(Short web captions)

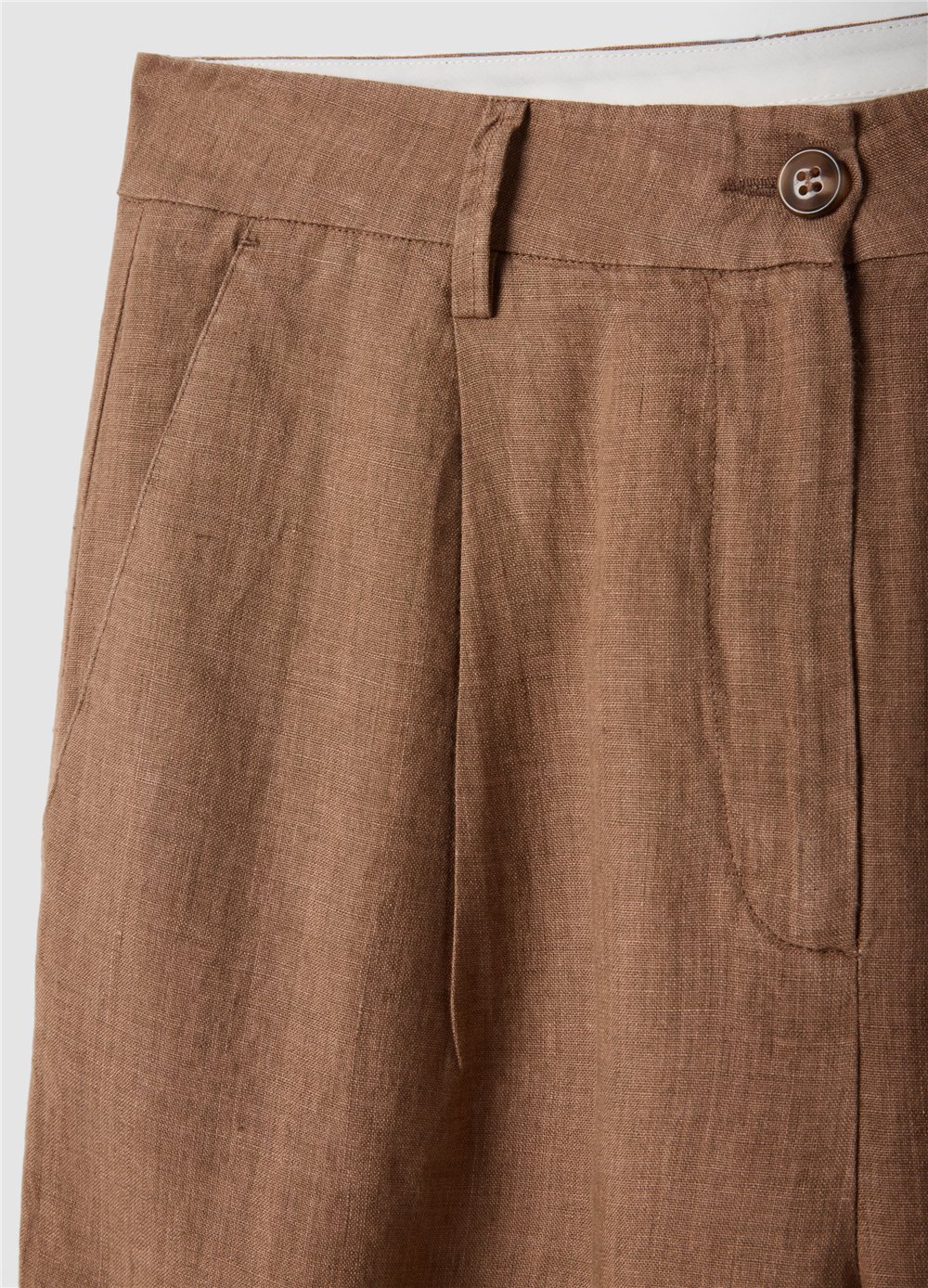 Kahverengi Keten Regular Fit Pantolon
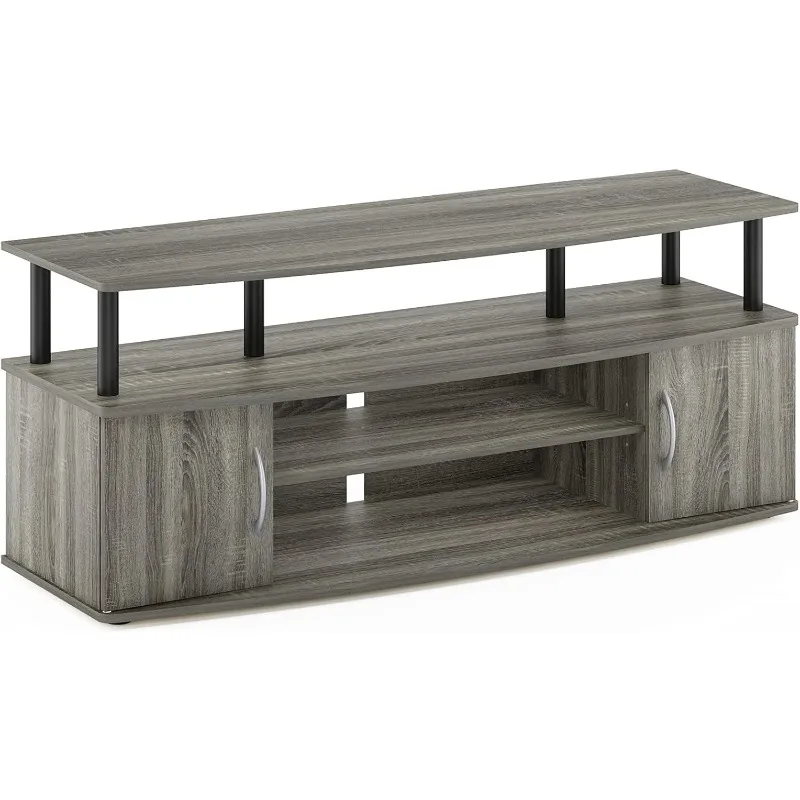 

JAYA Large Entertainment Stand for TV Up to 55 Inch, French Oak Grey/Black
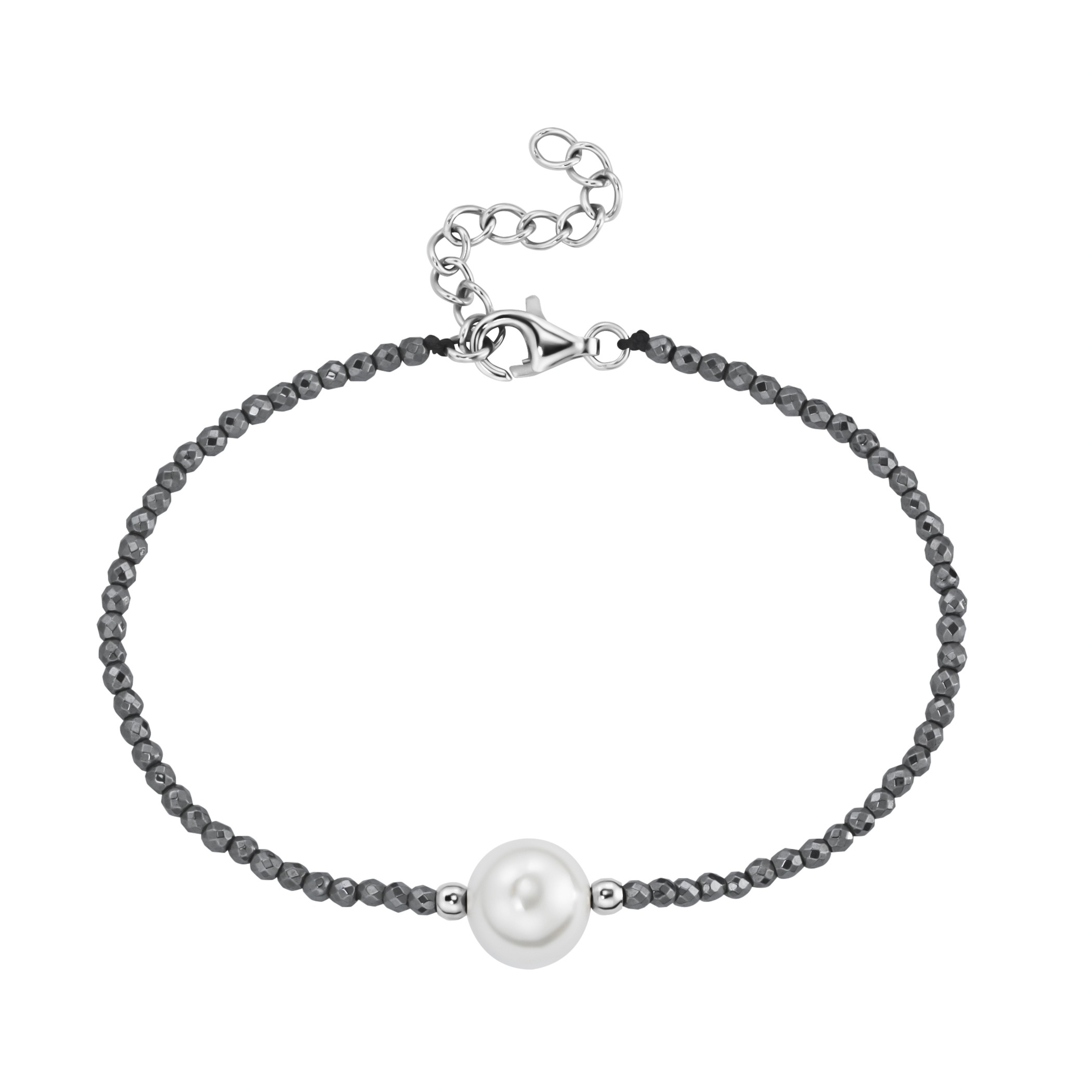 Armband SMART JEWEL "mit Edelstein-Kugeln + Muschelkern-Perle, Silber 925", grau, Armbänder, Damen, 19cm, Silber 925 (Sterlingsilber), Armband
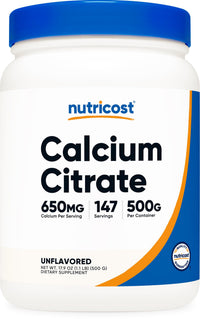 Thumbnail for Nutricost Calcium Citrate Powder (500 Grams) (Unflavored) - Pure Calcium Citrate, No Fillers, Gluten Free (1.1lbs)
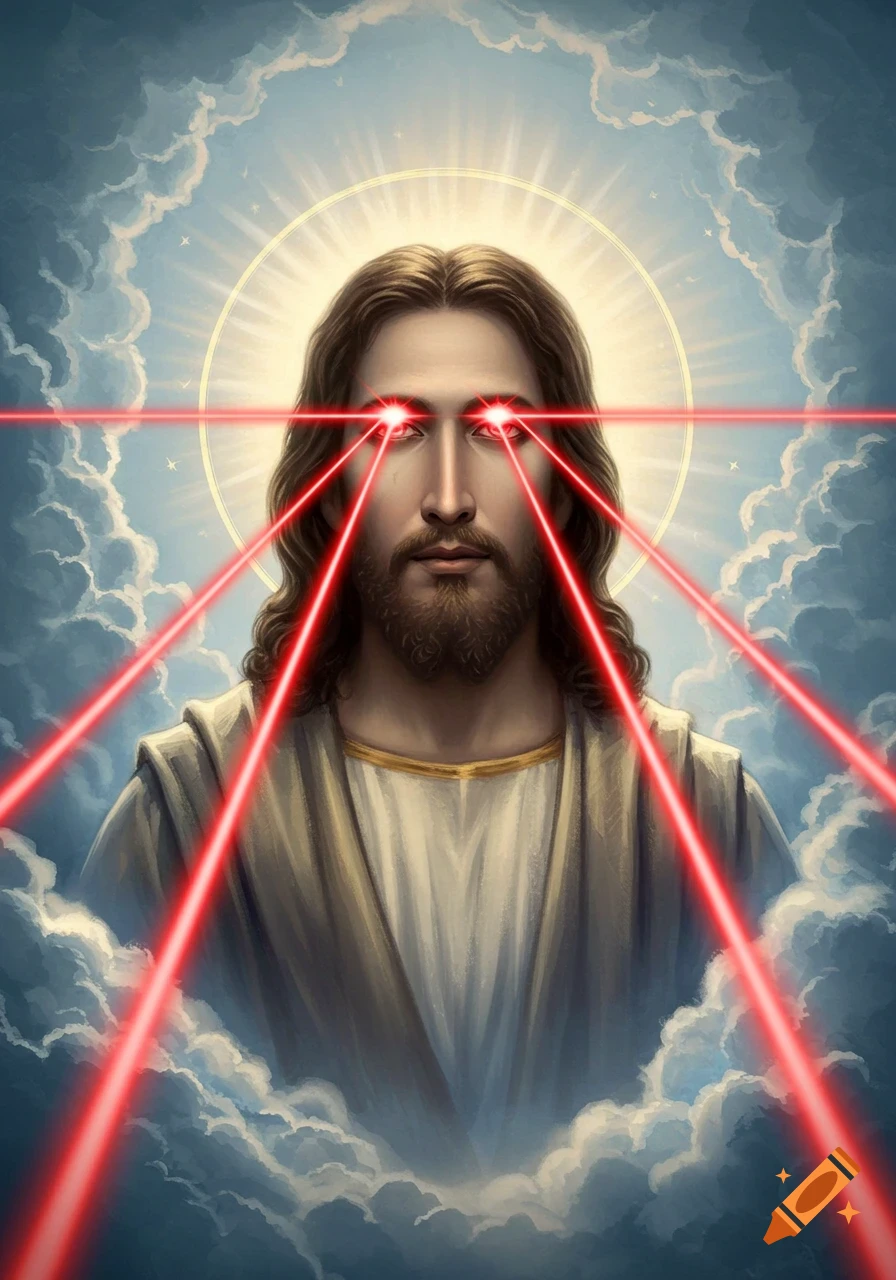 A digital painting of Jesus Christ with a halo and flowing brown hair, emitting bright red laser beams from his eyes, set against a cloudy blue sky.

:: Exercise details ::
Output the records exactly. Drop the images.

:: Problem solution ::
 Kahverengi Keten Regular Fit Pantolon

JAYA Large Entertainment Stand for TV Up to 55 Inch, French Oak Grey/Black
 Armband SMART JEWEL "mit Edelstein-Kugeln + Muschelkern-Perle, Silber 925", grau, Armbänder, Damen, 19cm, Silber 925 (Sterlingsilber), Armband
 Thumbnail for Nutricost Calcium Citrate Powder (500 Grams) (Unflavored) - Pure Calcium Citrate, No Fillers, Gluten Free (1.1lbs)
 A digital painting of Jesus Christ with a halo and flowing brown hair, emitting bright red laser beams from his eyes, set against a cloudy blue sky.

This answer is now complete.